TASK INPUTS:

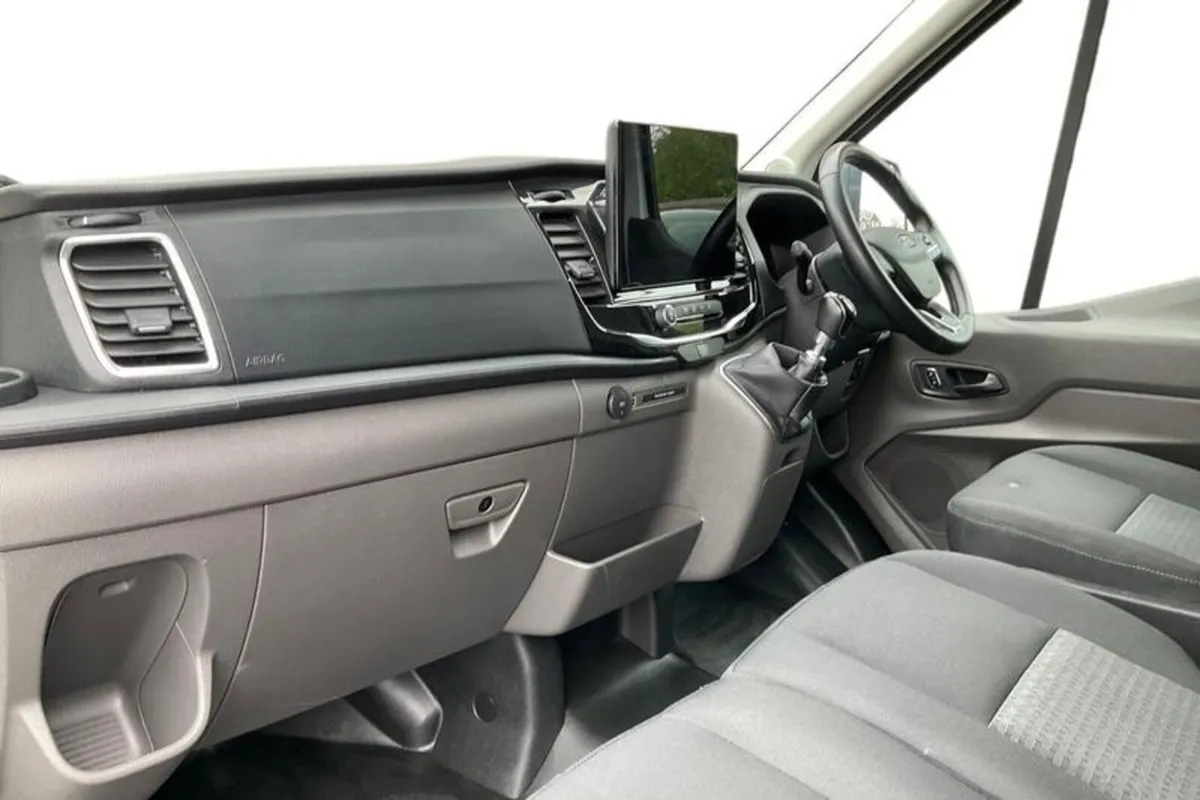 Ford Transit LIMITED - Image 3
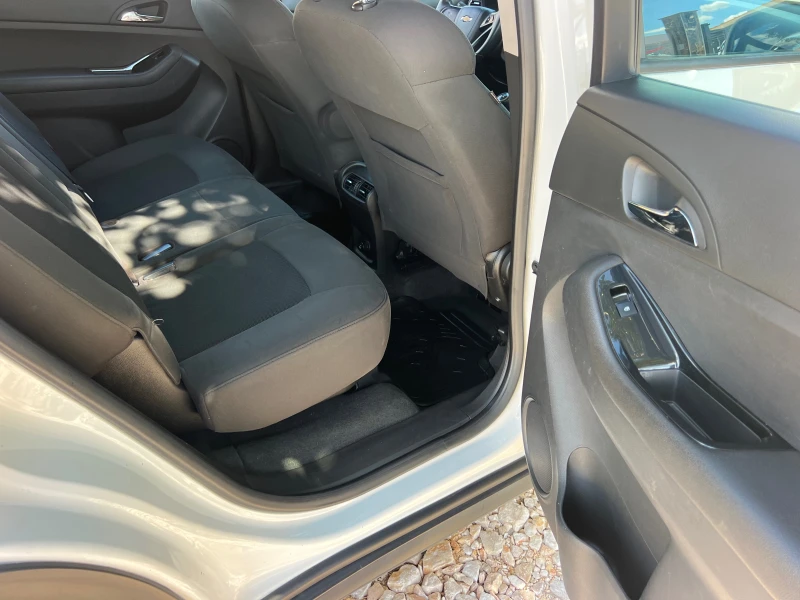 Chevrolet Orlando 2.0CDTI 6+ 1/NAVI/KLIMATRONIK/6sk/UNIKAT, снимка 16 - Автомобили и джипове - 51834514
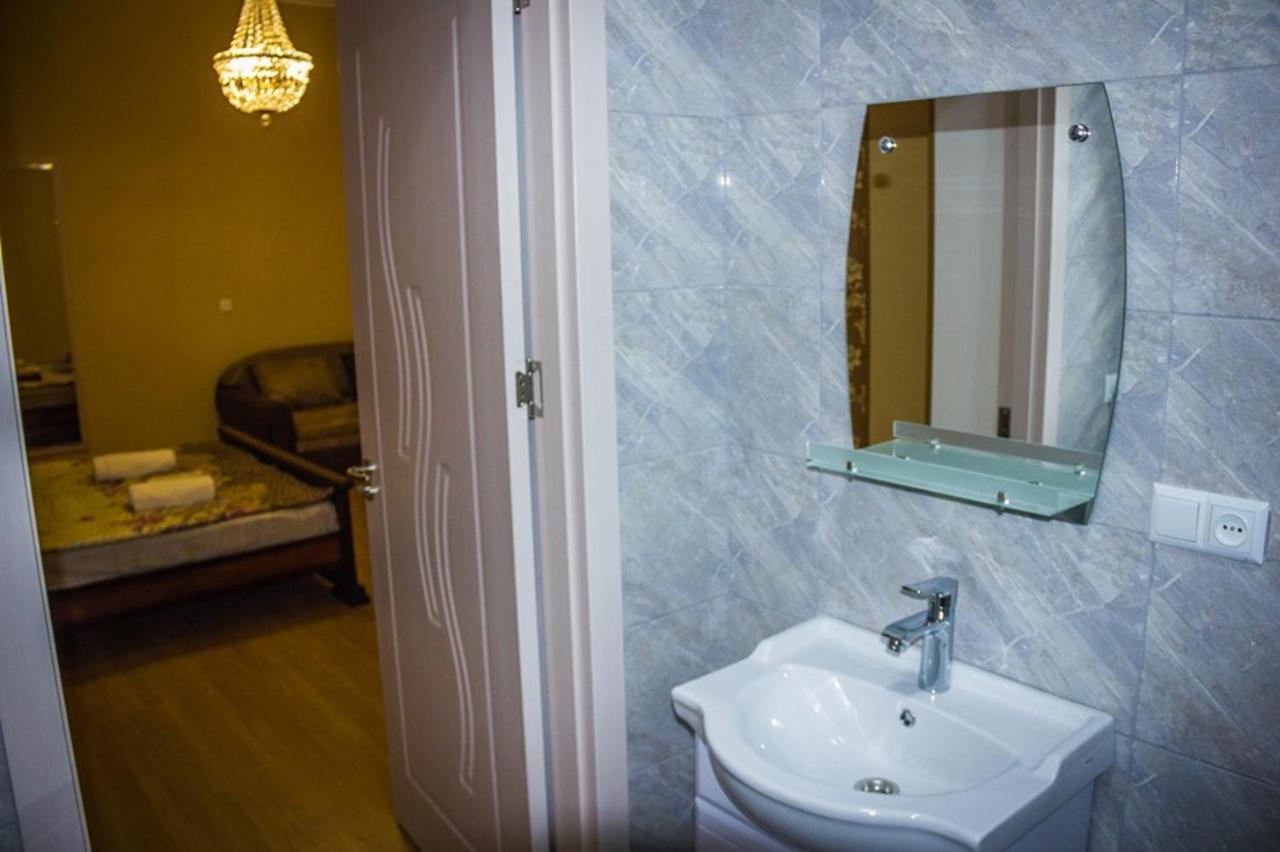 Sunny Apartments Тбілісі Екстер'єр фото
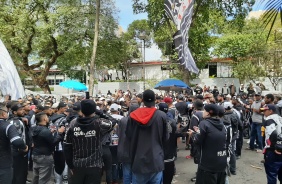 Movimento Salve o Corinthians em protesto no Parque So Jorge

--

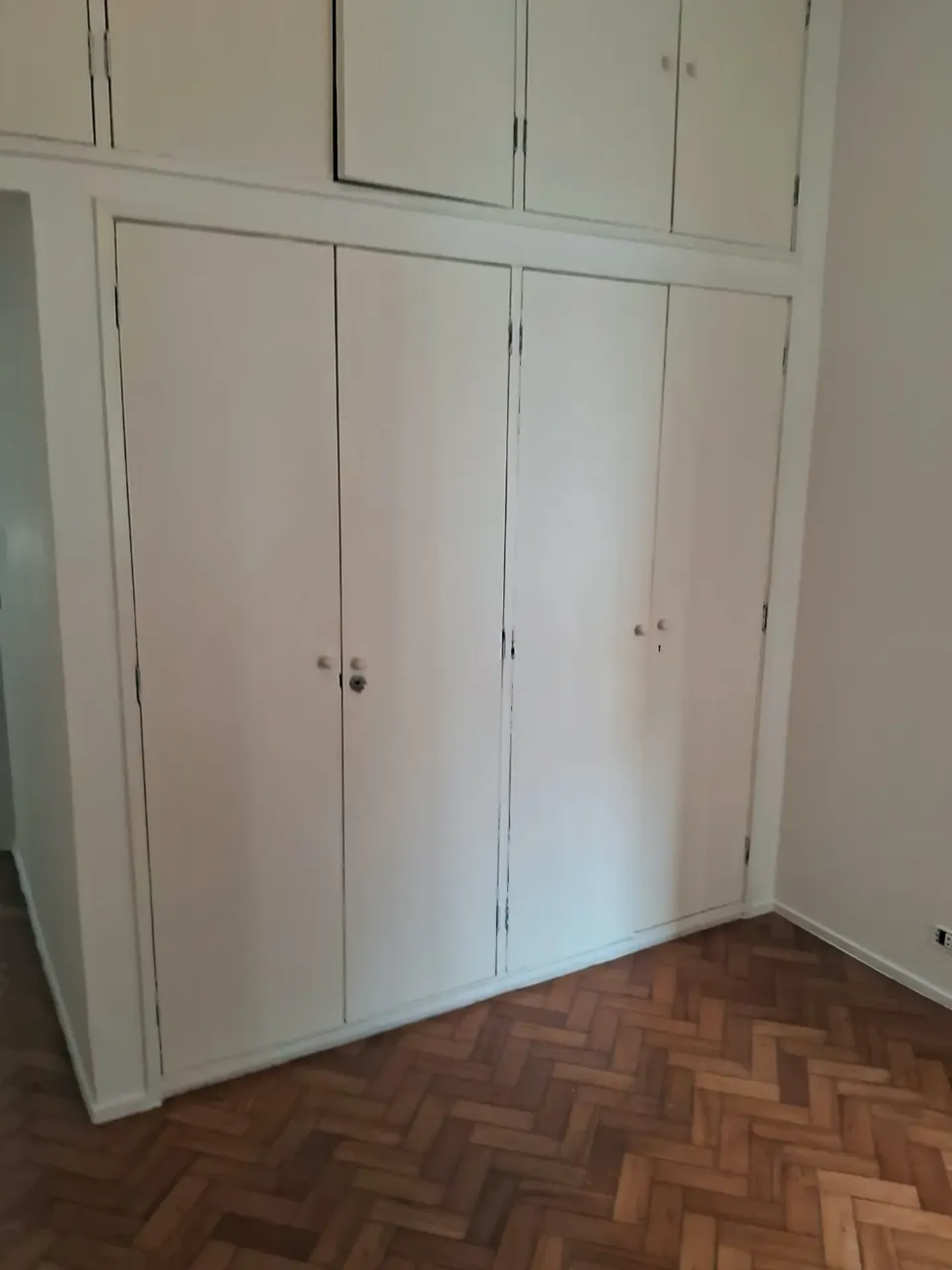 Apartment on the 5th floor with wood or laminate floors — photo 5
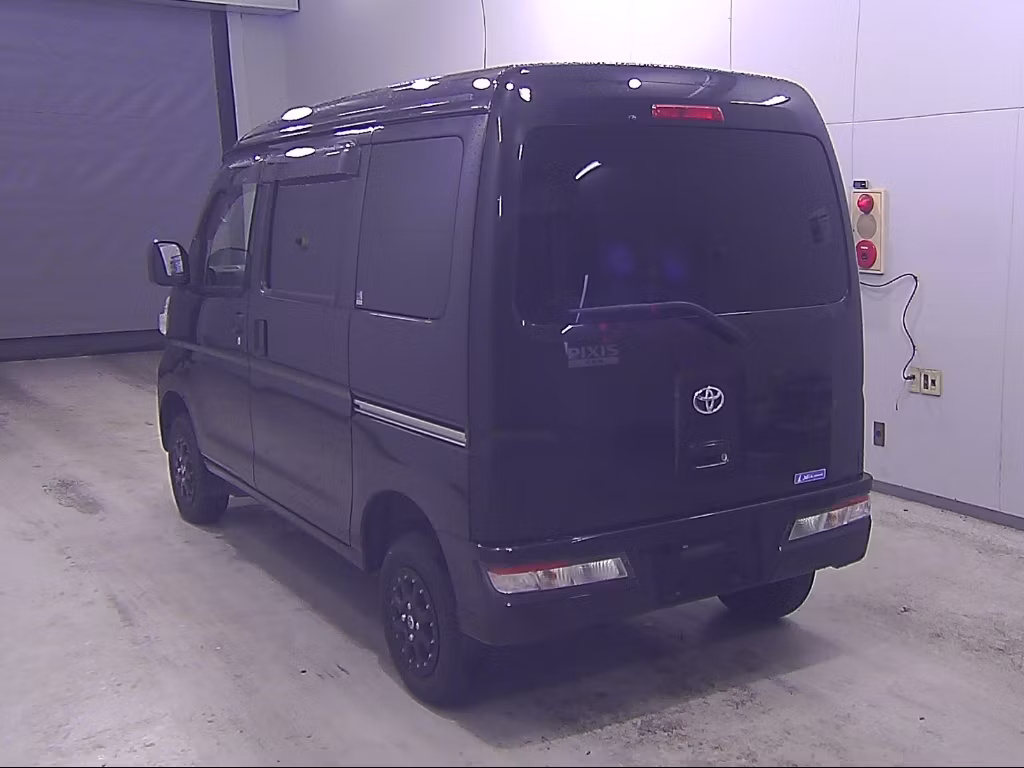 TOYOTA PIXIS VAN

WHAT YOU ARE ASKED TO DO:
In the data above, the stretch from the line with "Ford Transit LIMITED - Image 3" through the line with "Movimento Salve o" is to be returned exactly, minus any pictures.

EXERCISE ANSWER:
 Ford Transit LIMITED - Image 3
 Chevrolet Orlando 2.0CDTI 6+ 1/NAVI/KLIMATRONIK/6sk/UNIKAT, снимка 16 - Автомобили и джипове - 51834514
 Sunny Apartments Тбілісі Екстер'єр фото
 Movimento Salve o Corinthians em protesto no Parque So Jorge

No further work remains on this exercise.